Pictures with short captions
______
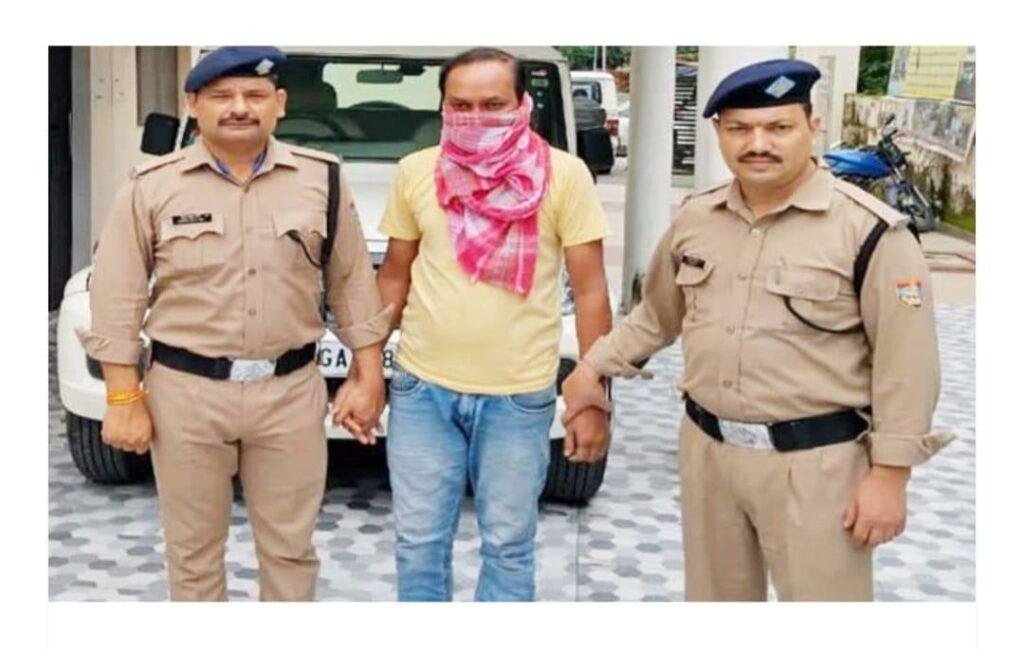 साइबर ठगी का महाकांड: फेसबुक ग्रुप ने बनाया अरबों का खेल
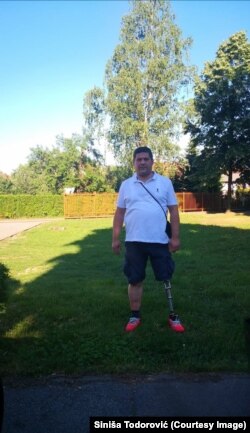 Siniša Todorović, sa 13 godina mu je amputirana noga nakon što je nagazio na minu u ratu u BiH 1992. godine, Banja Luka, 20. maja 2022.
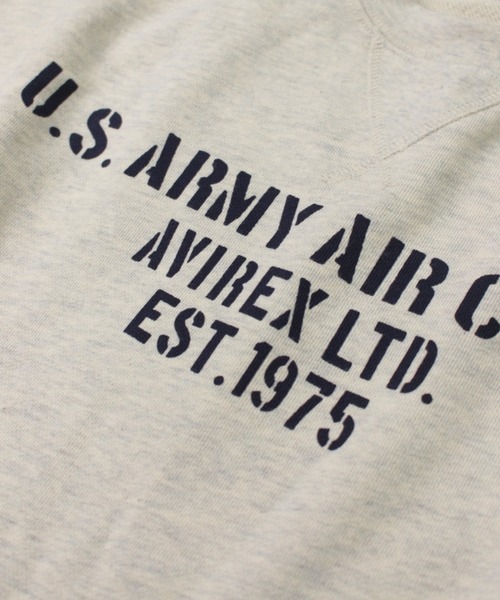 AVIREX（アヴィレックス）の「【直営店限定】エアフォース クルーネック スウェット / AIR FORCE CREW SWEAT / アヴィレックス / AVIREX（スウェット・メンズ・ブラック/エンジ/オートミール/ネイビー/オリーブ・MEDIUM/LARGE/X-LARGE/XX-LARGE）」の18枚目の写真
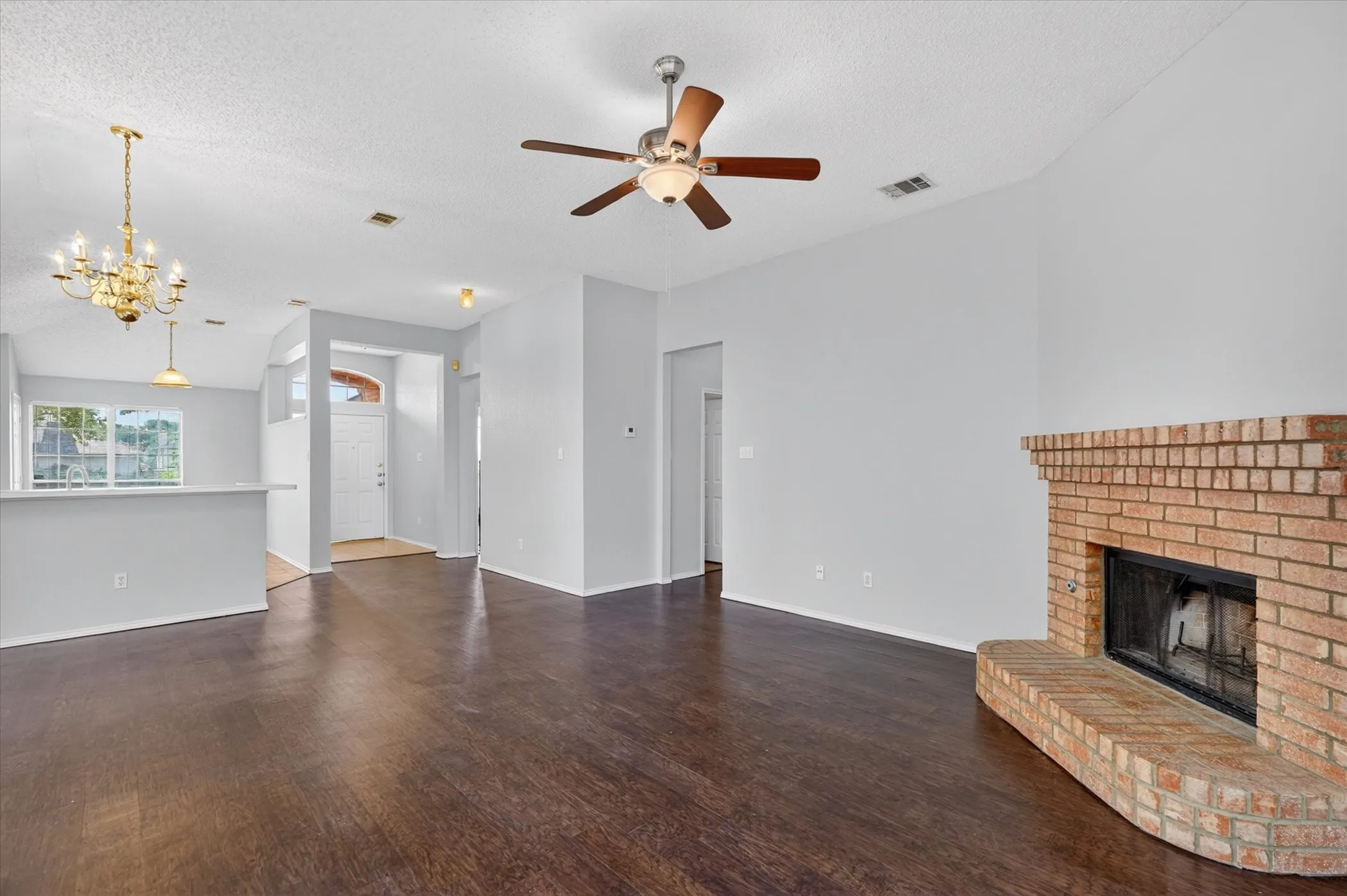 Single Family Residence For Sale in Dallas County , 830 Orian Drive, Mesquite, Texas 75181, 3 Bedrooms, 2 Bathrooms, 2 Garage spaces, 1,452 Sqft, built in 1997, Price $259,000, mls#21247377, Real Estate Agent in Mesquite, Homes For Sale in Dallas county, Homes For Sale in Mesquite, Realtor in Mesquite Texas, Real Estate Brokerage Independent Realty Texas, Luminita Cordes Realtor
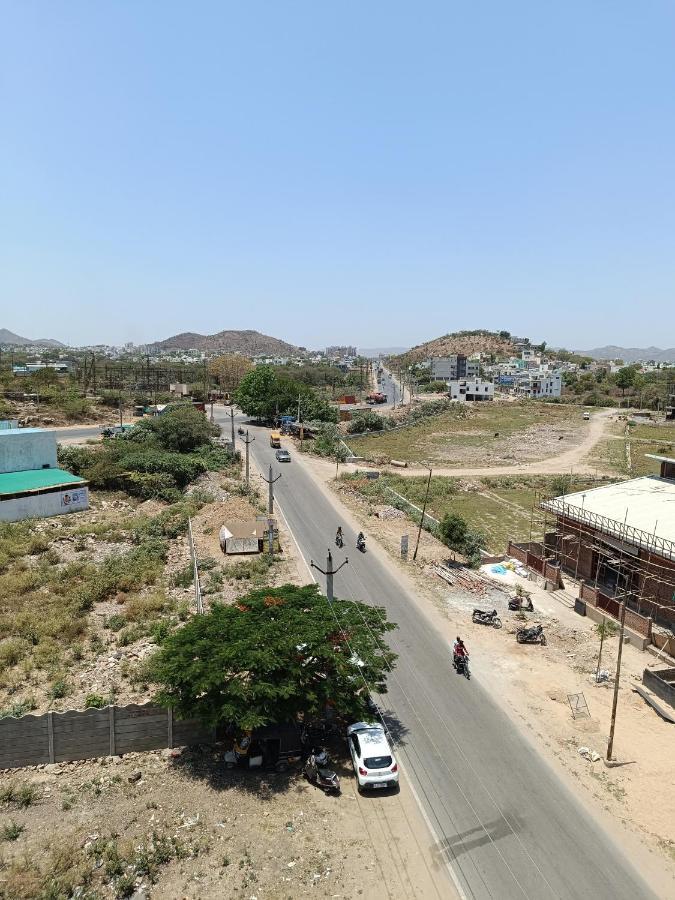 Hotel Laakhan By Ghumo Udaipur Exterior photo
______
Task to carry out
In the records above, transcribe exactly the lines from the one containing "AVIREX（アヴィレックス）の「【直営店限定】エアフォース クルーネック スウェット" through the last line, both included, and skip the pictures.

Solution below
 AVIREX（アヴィレックス）の「【直営店限定】エアフォース クルーネック スウェット / AIR FORCE CREW SWEAT / アヴィレックス / AVIREX（スウェット・メンズ・ブラック/エンジ/オートミール/ネイビー/オリーブ・MEDIUM/LARGE/X-LARGE/XX-LARGE）」の18枚目の写真
 Single Family Residence For Sale in Dallas County , 830 Orian Drive, Mesquite, Texas 75181, 3 Bedrooms, 2 Bathrooms, 2 Garage spaces, 1,452 Sqft, built in 1997, Price $259,000, mls#21247377, Real Estate Agent in Mesquite, Homes For Sale in Dallas county, Homes For Sale in Mesquite, Realtor in Mesquite Texas, Real Estate Brokerage Independent Realty Texas, Luminita Cordes Realtor
 Hotel Laakhan By Ghumo Udaipur Exterior photo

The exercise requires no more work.